Re: [PATCH 1b/6] Add __attribute__((untrusted))

2022-01-06 Thread Martin Sebor via Gcc-patches

On 1/6/22 8:10 AM, David Malcolm wrote:

On Thu, 2021-12-09 at 15:54 -0700, Martin Sebor wrote:

On 11/13/21 1:37 PM, David Malcolm via Gcc-patches wrote:

This patch adds a new:

    __attribute__((untrusted))

for use by the C front-end, intended for use by the Linux kernel for
use with "__user", but which could be used by other operating system
kernels, and potentialy by other projects.


It looks like untrusted is a type attribute (rather than one
that applies to variables and/or function return values or
writeable by-reference arguments).  I find that quite surprising.


FWIW I initially tried implementing it on pointer types, but doing it
on the underlying type was much cleaner.


   I'm used to thinking of trusted vs tainted as dynamic properties
of data so I'm having trouble deciding what to think about
the attribute applying to types.  Can you explain why it's
useful on types?


A type system *is* a way of detecting problems involving dynamic
properties of data.  Ultimately all we have at runtime is a collection
of bits; the toolchain has the concept of types as a way to allow us to
reason about properies of those bits without requiring a full cross-TU
analysis (to try to figure out that e.g. x is, say, a 32 bit unsigned
integer), and to document these properties clearly to human readers of
the code.


I understand that relying on the type system is a way to do it.
It just doesn't seem like a very good way in a loosely typed
language like C (or C++).



I see this as working like a qualifier (rather like "const" and
"volatile"), in that an
   untrusted char *
when dereferenced gives you an
   untrusted char


Dereferencing a const char* yields a const char lvalue that
implicitly converts to an unqualified value of the referenced
object.  The qualifier is lost in the conversion, so modeling
taint/trust this way will also lose the property in the same
contexts.  It sounds to me like the concept you're modeling
might be more akin to a type specifier (maybe like _Atomic,
although that still converts to the underlying type).
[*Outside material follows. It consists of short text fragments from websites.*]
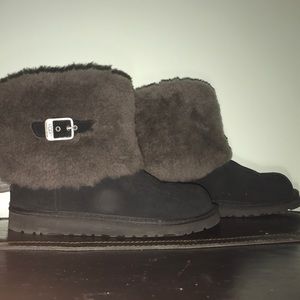 Brand new uggs. Size 5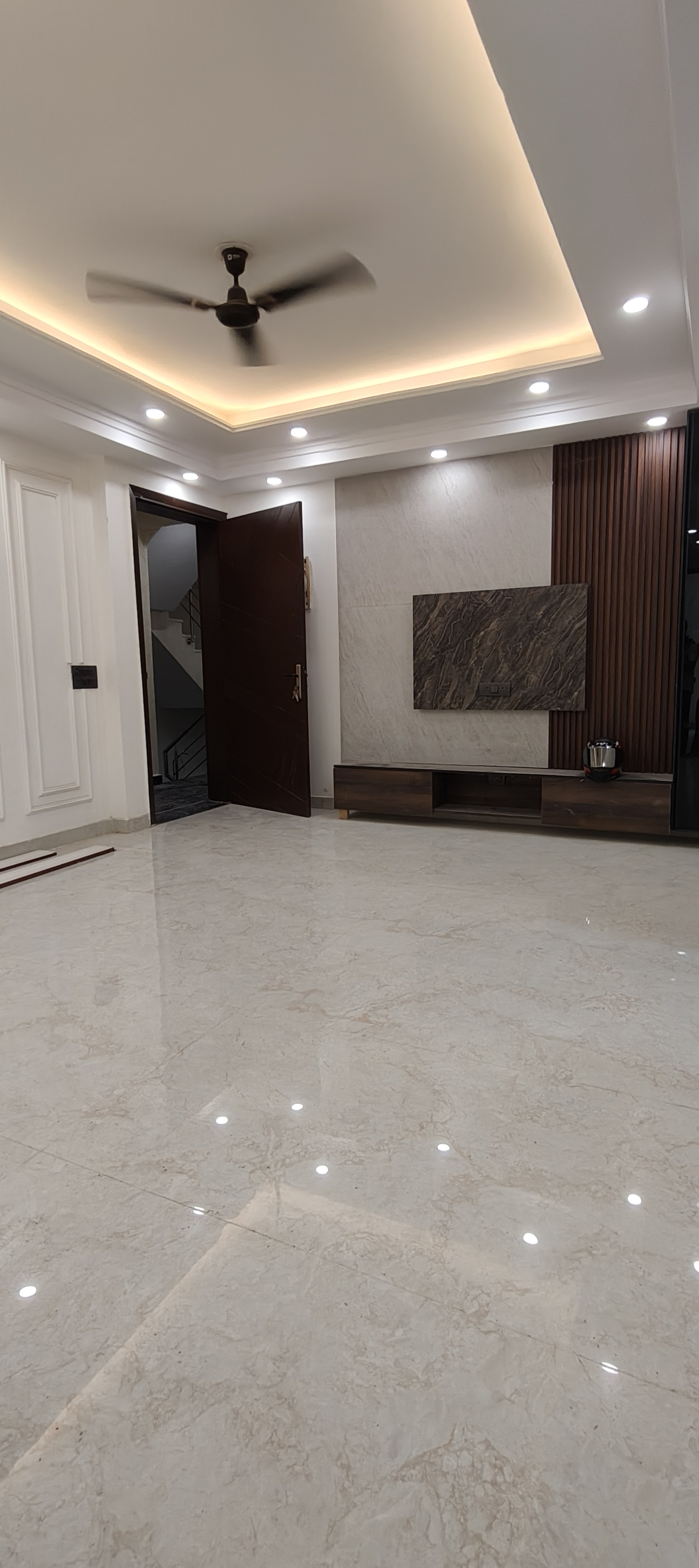 3 BHK Builder Floor For Rent in Chattarpur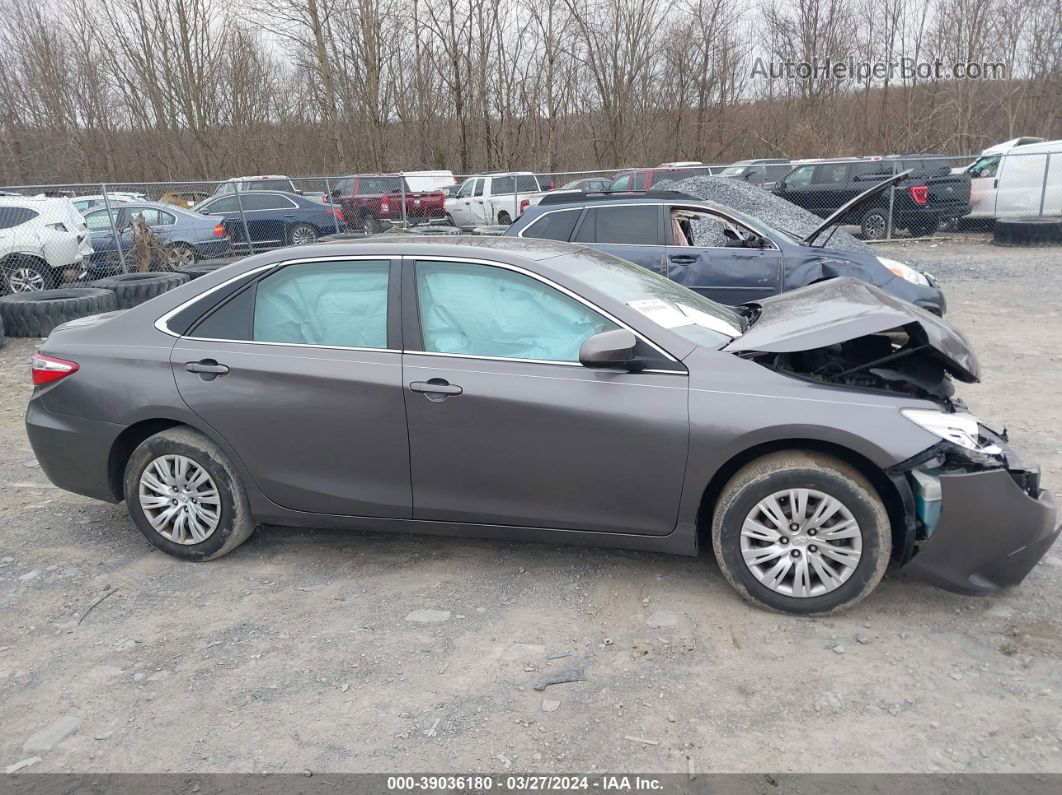 2016 Toyota Camry Le Серый vin: 4T1BF1FK8GU193020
The intent is to have a way of treating the values as "actively
hostile", so that code analyzers can assume the worst possible values
for such types (or more glibly, that we're dealing with data from Satan
rather than from Murphy).

Such types are also relevant to infoleaks: writing sensitive
information to an untrusted value can be detected relatively easily
with this approach, by checking the type of the value - the types
express the trust boundary

Doing this with qualifiers allows us to use the C type system to detect
these kinds of issues without having to add a full cross-TU
interprocedural analysis, and documents it to human readers of the
code.   Compare with const-correctness; we can have an analogous
"trust-correctness".


The problem with const-correctness in C is that it's so easily
lost (like with strchr, or in the lvalue-rvalue conversion).
This is also why I'm skeptical of the type-based approach here.





I'd expect the taint property of a type to be quickly lost as
an object of the type is passed through existing APIs (e.g.,
a char array manipulated by string functions like strchr).


FWIW you can't directly pass an attacker-controlled buffer to strchr:
strchr requires there to be a 0-terminator to the array; if the array's
content is untrusted then the attacker might not have 0-terminated it.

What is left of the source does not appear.